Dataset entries
▬▬▬▬▬▬▬▬▬▬
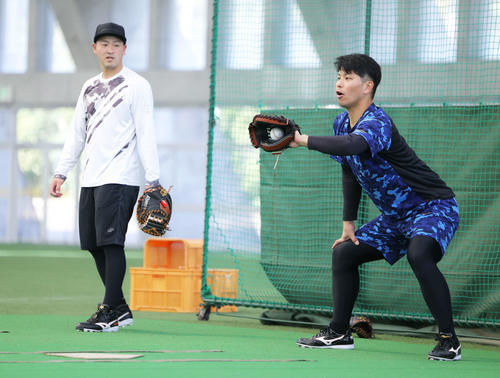 ブルペンで球を受ける巨人岸田（左）と大城（2022年1月29日撮影）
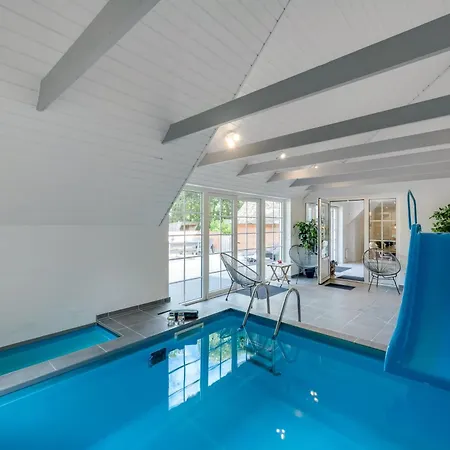 Semesterbostad Beautiful Pool House With Enclosed Terrace, Outdoor Hot Tub, Activity Room, Shelter And Fire Pit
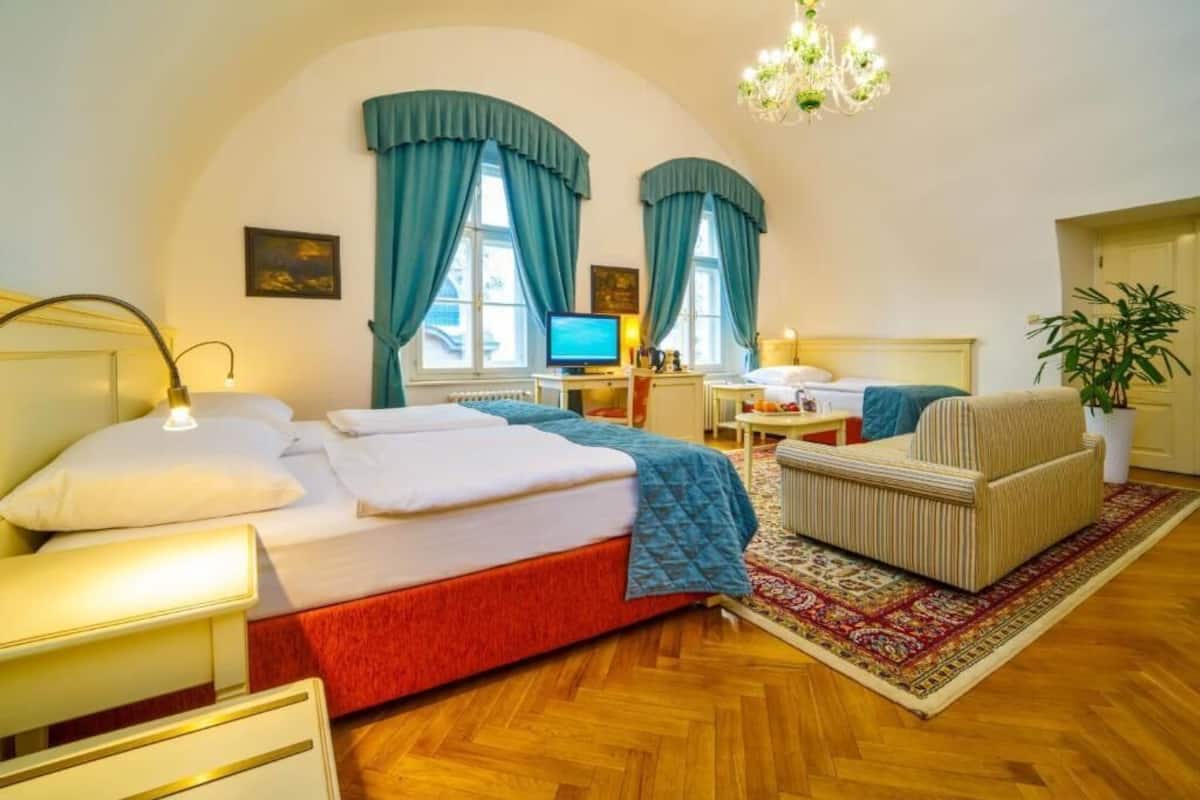 1 slaapkamer, een minibar, een kluis op de kamer, een bureau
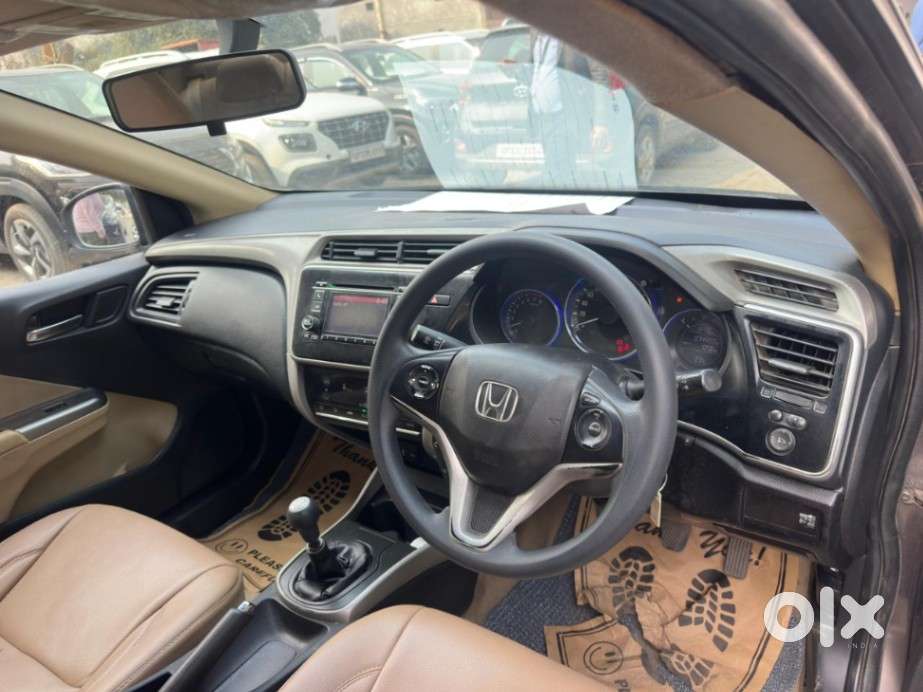 Honda City V At, 2016, Petrol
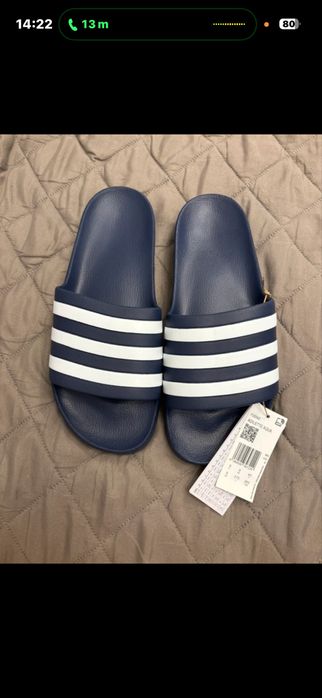 Papuci adidas!!sunt noi nepurtati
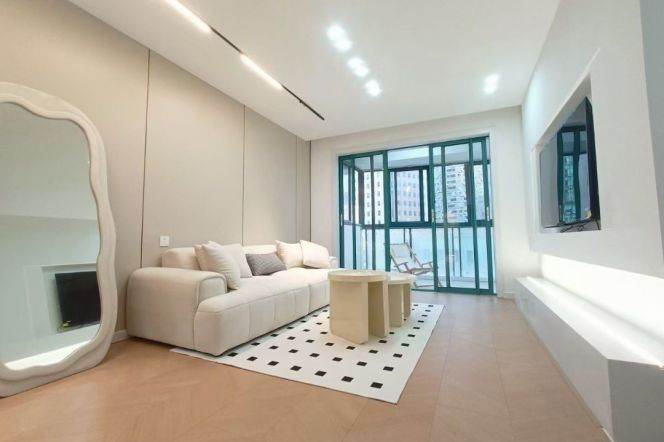 yishan rd elevator 1BR/big living room@L3/4/9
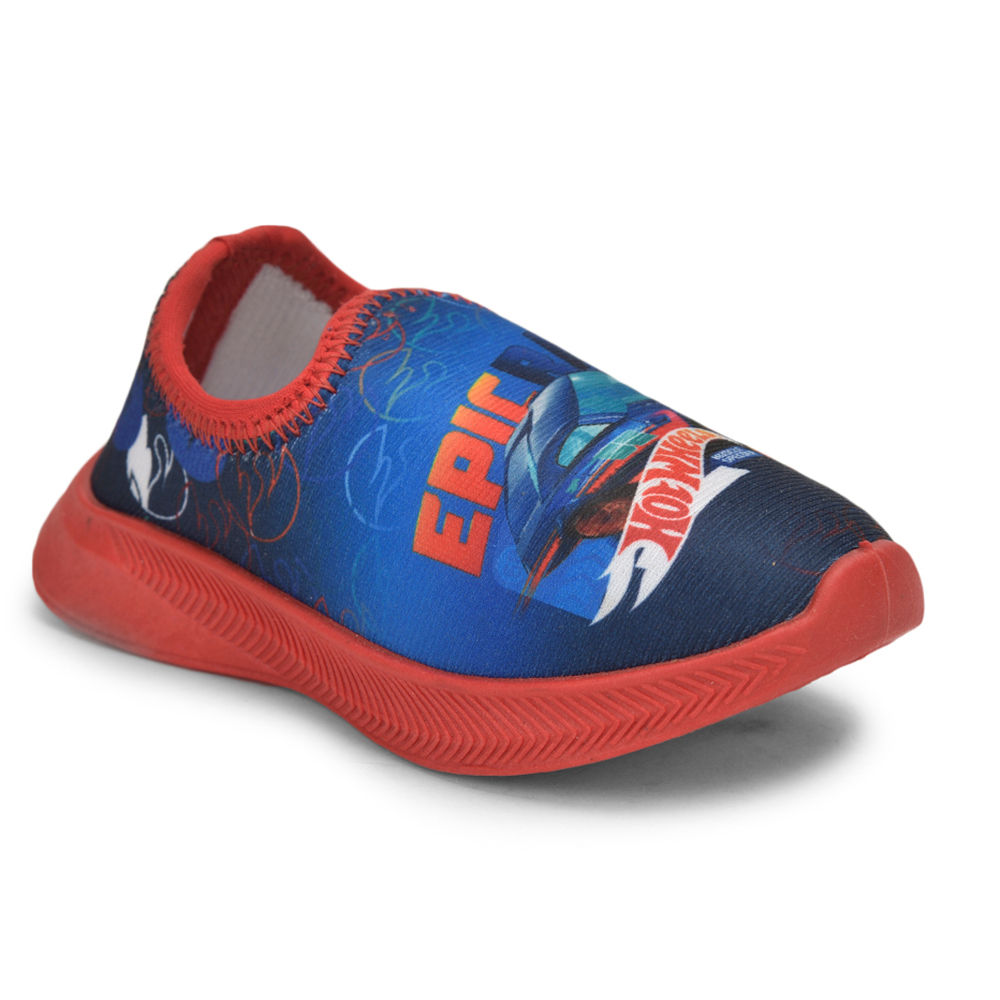 

features upper material lycra sole material pvc the actual product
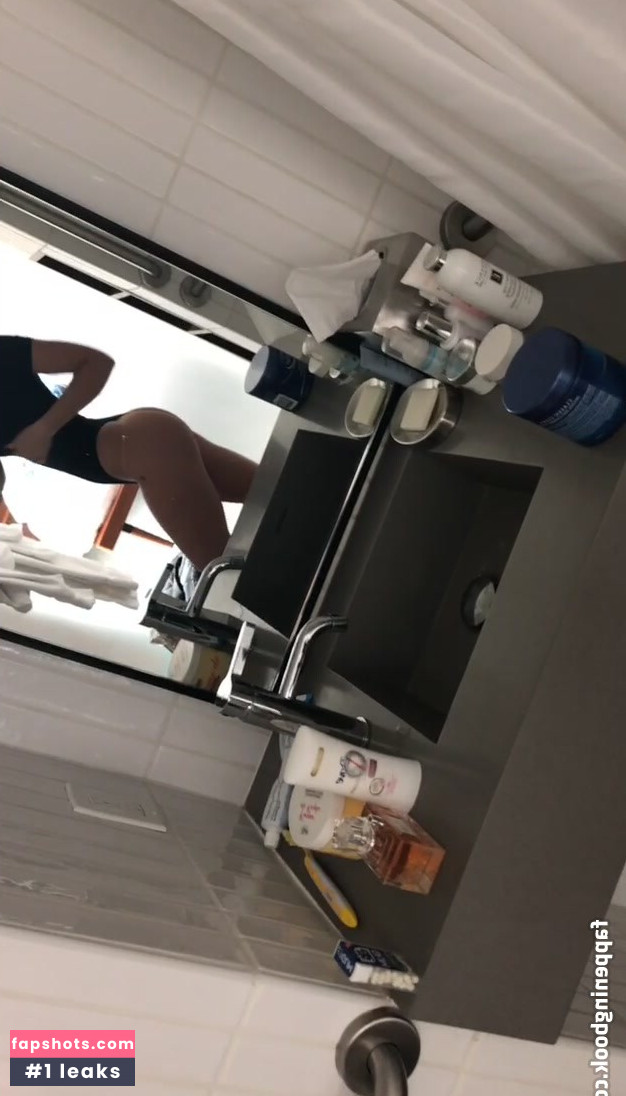 Dove Cameron gallery photo #280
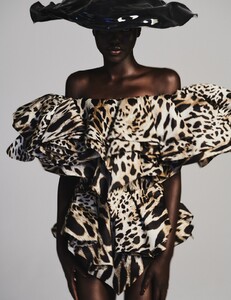 203234697_VogueGermanySepetmeber201939.thumb.jpg.334a056d80d6f9789aeee401cd58d3b4.jpg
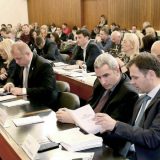 Menadžerima 30.000, portirima 3.000 evra 1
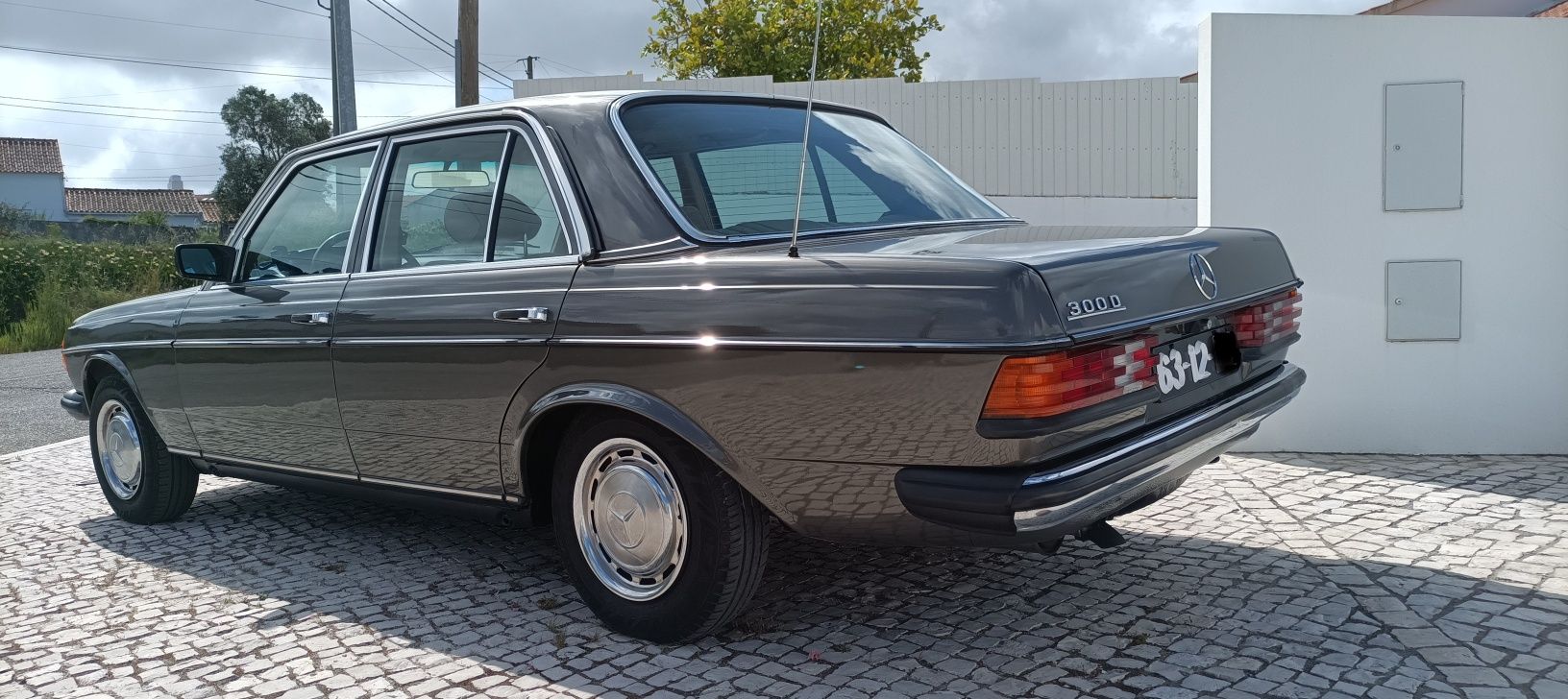 Mercedes Benz W123 300D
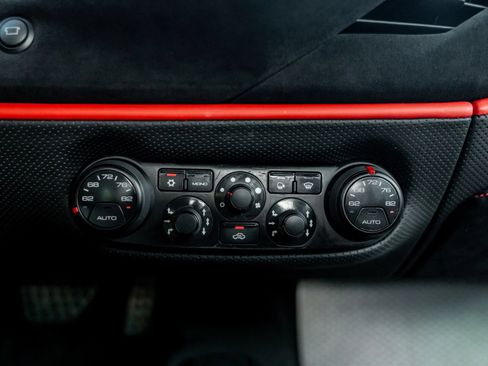Used 2019 Ferrari 488 Pista Coupe RWD image 17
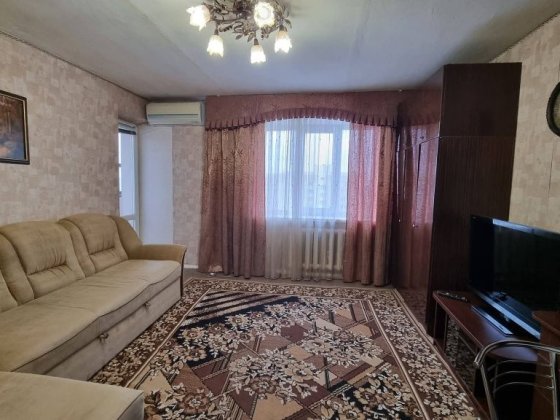 Оренда 1-кімн. квартири в центрі міста ( Котляревського, р-н Градецького ) Чернигов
▬▬▬▬▬▬▬▬▬▬
Brief: Each entry should be transcribed exactly as given, with pictures omitted.

Exercise result:
 ブルペンで球を受ける巨人岸田（左）と大城（2022年1月29日撮影）
 Semesterbostad Beautiful Pool House With Enclosed Terrace, Outdoor Hot Tub, Activity Room, Shelter And Fire Pit
 1 slaapkamer, een minibar, een kluis op de kamer, een bureau
 Honda City V At, 2016, Petrol
 Papuci adidas!!sunt noi nepurtati
 yishan rd elevator 1BR/big living room@L3/4/9

features upper material lycra sole material pvc the actual product
 Dove Cameron gallery photo #280
 203234697_VogueGermanySepetmeber201939.thumb.jpg.334a056d80d6f9789aeee401cd58d3b4.jpg
 Menadžerima 30.000, portirima 3.000 evra 1
 Mercedes Benz W123 300D
Used 2019 Ferrari 488 Pista Coupe RWD image 17
 Оренда 1-кімн. квартири в центрі міста ( Котляревського, р-н Градецького ) Чернигов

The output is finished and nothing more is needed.